Indeed, when I was in Niger, it was surprising to see how many Western Union offices there were. I took advantage of them once – I was wired some money to buy airline tickets home to the US. They charged a fat 5 five-percent fee – the more money you send the more expensive it gets.

This is why I was happy to read the article about remittances to Latin America – part one of the series I’m linking above. Money creates money. If America is good at anything, it’s at creating money like there is no tomorrow. Every dollar I leave in my bank becomes part of a big pot, and that pot of cash gets loaned out to businesses, home-owners, etc and becomes more cash, which gets loaned out again. This is controlled, ultimately, by the Federal Reserve Bank – headed until recently by the famed Alan Greenspan. The Fed, as they are called, sets the interest rates that banks charge each other for overnight loans and transfers. The higher the interest rates, the more expensive, in effect, the money supply becomes. Those interest rates are eventually passed on to businesses and consumers. So right now, for instance, the housing market is slumping because interest rates are higher – making a home loan monthly payments potentially much more expensive than one or two years ago, when a 30-year fixed was only four percent or so.

Mexico, by recognizing the value of the billions of dollars in remittance money, is doing a great service to their people by strengthening the personal banking sector in the rural areas where remittances go. These recipients will no longer keep their money in shoe-boxes or spend the cash right away – they are made to feel more confident in the banking system to put their money in the banks, which then lend the money out, creating more and more capital. It’s very exciting when you think about the possibilities.

It makes great sense, from a Sustainable Development perspective – to encourage this kind of practice.
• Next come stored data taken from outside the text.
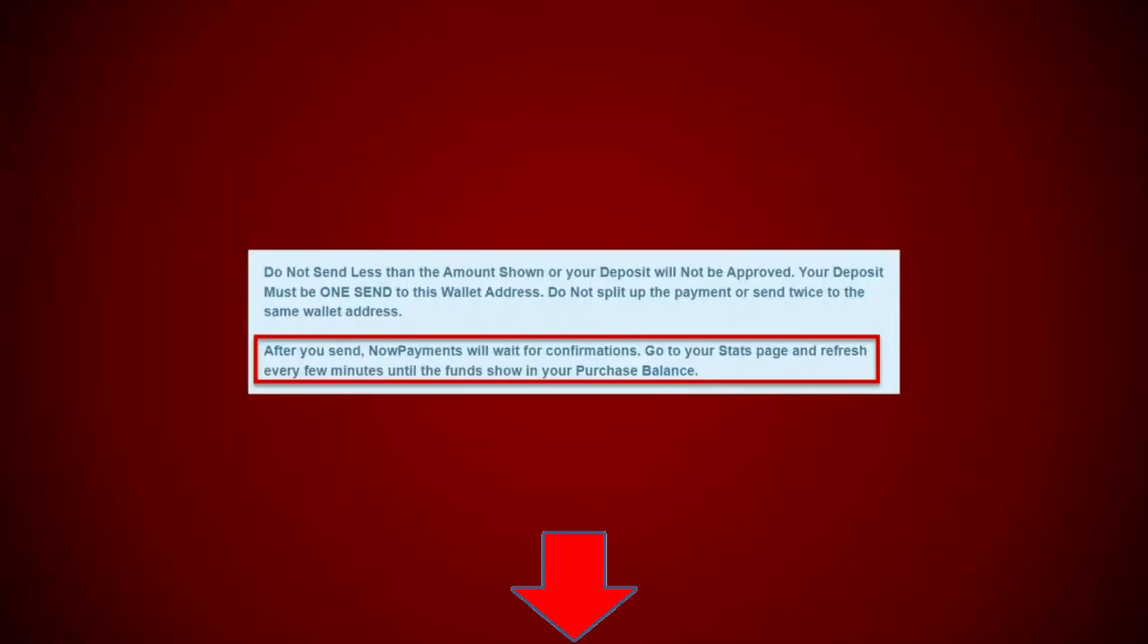Now it says right here, after you send to noun payments, wait for the confirmations, go to your status page and refresh every few minutes until the funds show in your purchase balance. I checked about five, 10 minutes later in my particular case.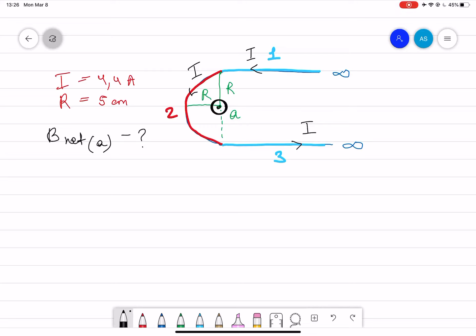We need to find B net at point A. I divided this wire into three parts: infinite long wire one, then a semicircle which is two, and again a long wire three.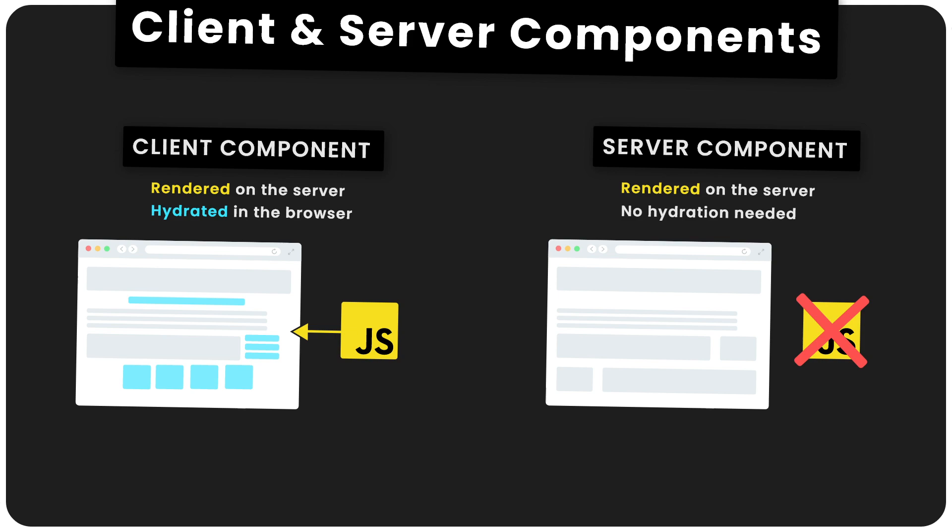However, because server components don't get hydrated in the browser, it means they're not interactive. So if you need interactivity, you need to use a client component instead. But that's okay because you can just use client components for the small areas of a page that do need to be interactive. Just like pages could be cached in previous versions of Next.js, both client and server components can be cached in version 13 as well, meaning faster load times.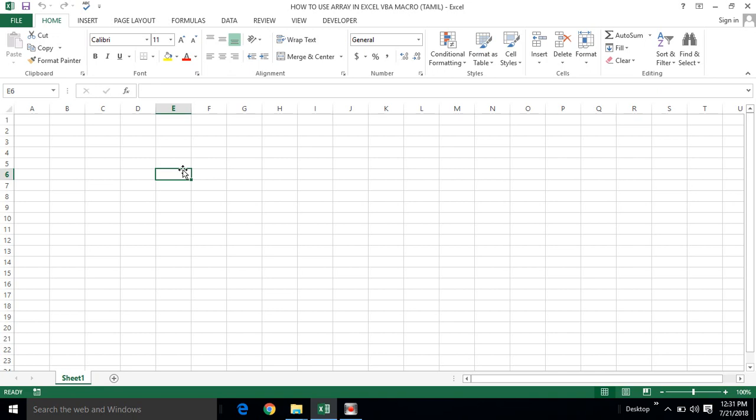Hi friends, we will talk about the array concept in Excel VBA. The array concept is used to declare a group of variables. We will declare a variable using Dim as Integer. If we declare a single variable, we can store one value. But if we declare a group of variables at a time, we can call them by index number.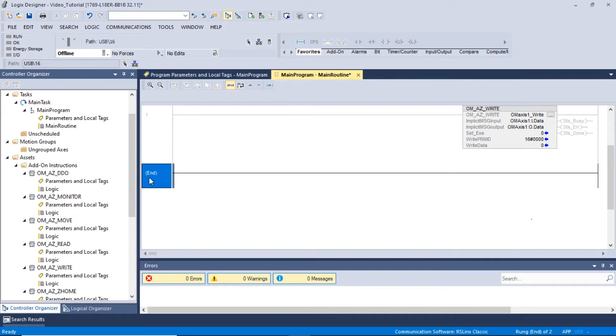The following tutorial is for Allen Bradley PLCs using the Studio 5000 Logix Designer. This video will show how to use the Read AOI. The Read AOI allows the user to read the set value of a specific parameter.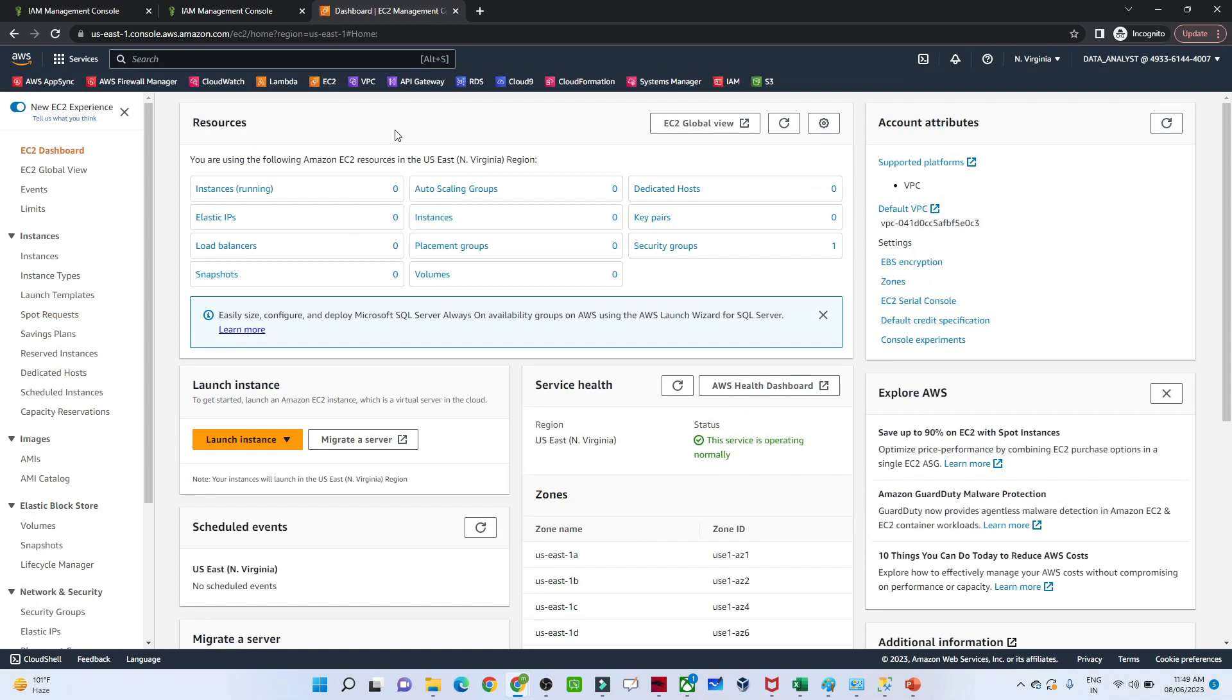If you have 10 developers and create one group and add them all to that group, whatever access the group has, they all will get the same access. That's how we follow it in our industry. I hope you got it.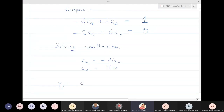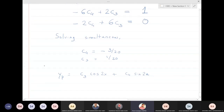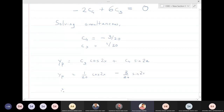Therefore yp = (1/20)cos(2x) − (3/20)sin(2x), and the general solution y = yc + yp is obtained. The undetermined coefficients have now been determined, completing the solution.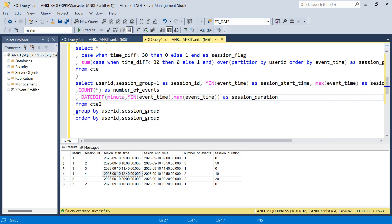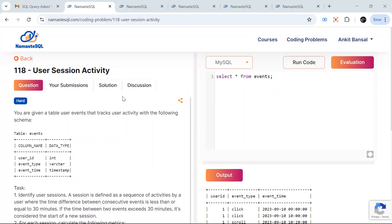There are two tricky parts here: the running SUM based on the CASE WHEN condition to group sessions, and adding plus one for session_id, plus using the time difference for session duration. I hope it makes sense. If you have a better or more efficient solution, let me know in the comments. Thanks for watching, have a great day!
This is the essence of home-grown, sustainable development; it’s people lifting themselves up and helping each other. Where we, as Americans or citizens of the developed world can help – is to encourage good governance and the rule of law in the countries we support. We can clearly see the difference between Mexico and Haiti and how the billions of remittance dollars are being used. Haiti’s governmental infrastructure is almost non-existent, and there is no confidence in the rule of law – that is why Lundi, the subject of this article, has to go down to Haiti himself to hand out his cash. Mexico, on the other hand, has a government functioning well enough to enforce banking regulations and foster their citizen’s confidence enough to trust banks with their cash.